To detect high CPU usage, you can use either the AWS Metrics API (if available) or Kubernetes monitoring tools like `Kubelet/cAdvisor` to gather data on CPU usage. By calculating the CPU utilization, you can ensure that your service is scheduled on appropriate instances based on its requirements.

### Rebalancing Node Pools and Preventing T-Series Scheduling
During the **ClusterRebalanceStateApplying** and **ClusterRebalanceStateSuccess** stages, it is essential to inspect the node template and adjust configurations to avoid scheduling high-demand workloads on T-series instances. If the CPU usage exceeds 60%, the system should prevent further scheduling of T-series instances.

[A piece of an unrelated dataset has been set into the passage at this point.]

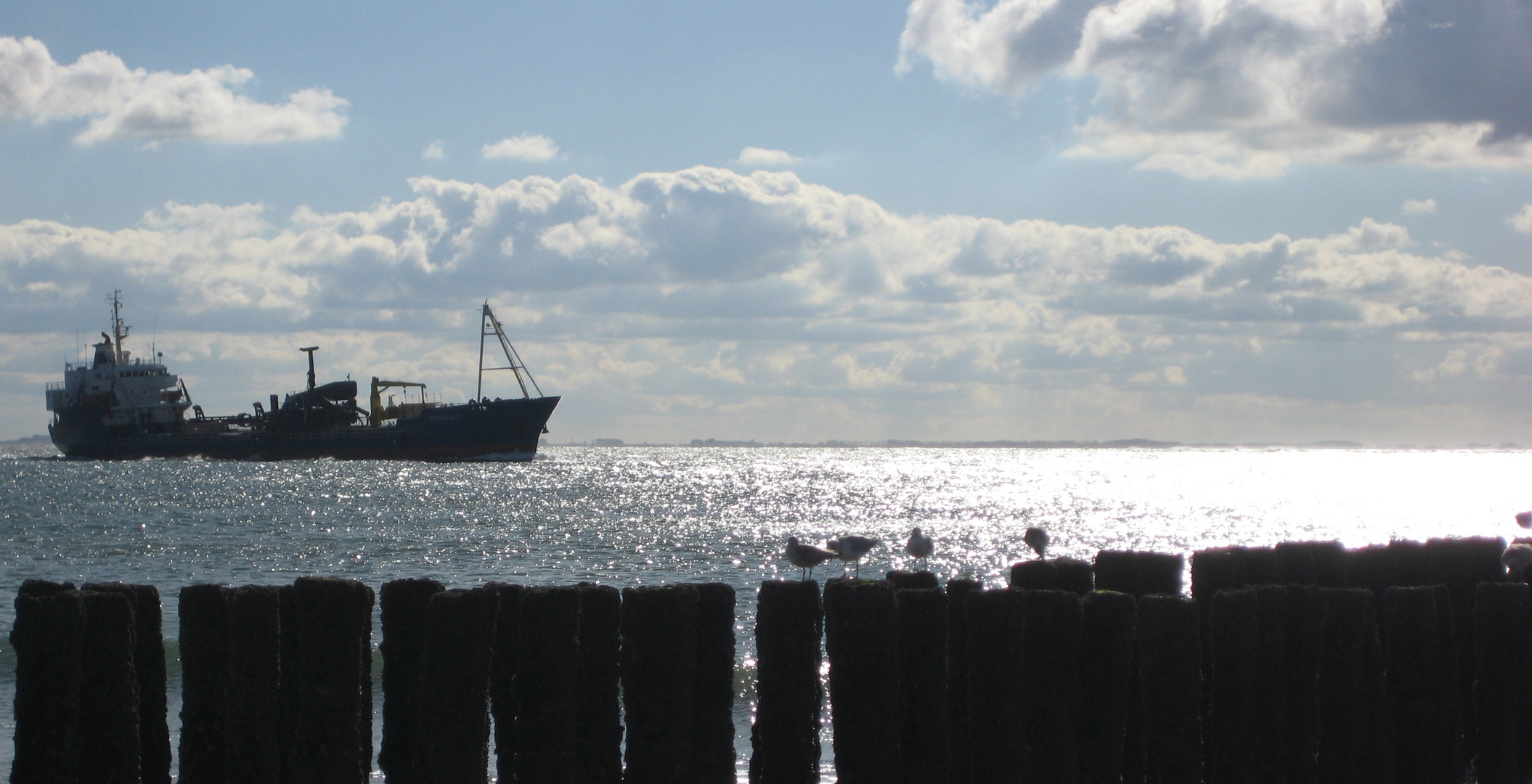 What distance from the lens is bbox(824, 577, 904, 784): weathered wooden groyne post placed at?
791 cm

For instance, you can define a rule to avoid using T-series instances by updating the node selector configuration:
```yaml
NodeSelectorRequirement:
Key: "karpenter.k8s.aws/instance-category"
Operator: "In"
Values: ["t"]
```
This configuration ensures that CPU-intensive workloads are not scheduled on T-series instances that cannot handle sustained high CPU loads. CloudPilot AI will automatically adjust the node pool configuration to prevent scheduling on T-series instances when CPU usage exceeds the defined threshold.

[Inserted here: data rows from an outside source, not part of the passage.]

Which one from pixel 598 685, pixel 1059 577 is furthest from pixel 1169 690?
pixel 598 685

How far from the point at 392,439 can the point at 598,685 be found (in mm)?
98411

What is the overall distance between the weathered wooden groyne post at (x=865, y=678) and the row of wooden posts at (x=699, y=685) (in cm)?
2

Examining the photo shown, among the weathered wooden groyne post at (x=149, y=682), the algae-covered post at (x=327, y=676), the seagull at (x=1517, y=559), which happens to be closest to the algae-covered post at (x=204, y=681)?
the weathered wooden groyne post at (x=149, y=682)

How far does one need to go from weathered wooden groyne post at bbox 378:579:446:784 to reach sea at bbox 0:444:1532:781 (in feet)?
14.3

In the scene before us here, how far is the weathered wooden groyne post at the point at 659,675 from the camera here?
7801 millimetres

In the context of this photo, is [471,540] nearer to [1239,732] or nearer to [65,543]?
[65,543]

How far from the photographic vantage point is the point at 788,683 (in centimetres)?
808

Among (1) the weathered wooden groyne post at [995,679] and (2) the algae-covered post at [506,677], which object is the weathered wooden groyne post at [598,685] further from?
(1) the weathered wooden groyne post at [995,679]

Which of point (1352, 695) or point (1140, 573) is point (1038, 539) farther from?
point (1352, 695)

### Customizable Policies for Workload Requirements
You should tailor your policies to meet specific workload requirements. For performance-sensitive applications, it is advisable to entirely disable T-series instances to prevent performance bottlenecks. On the other hand, for less demanding tasks such as certain web applications, T-series instances may still be appropriate. Implementing these custom policies helps you manage instances based on the performance needs of your services.

## Conclusion
By carefully managing the scheduling of workloads on CloudPilot AI, you can avoid performance issues caused by CPU credit exhaustion. Monitoring CPU usage and adjusting node configurations based on workload requirements ensures that services run smoothly in an AWS EKS environment.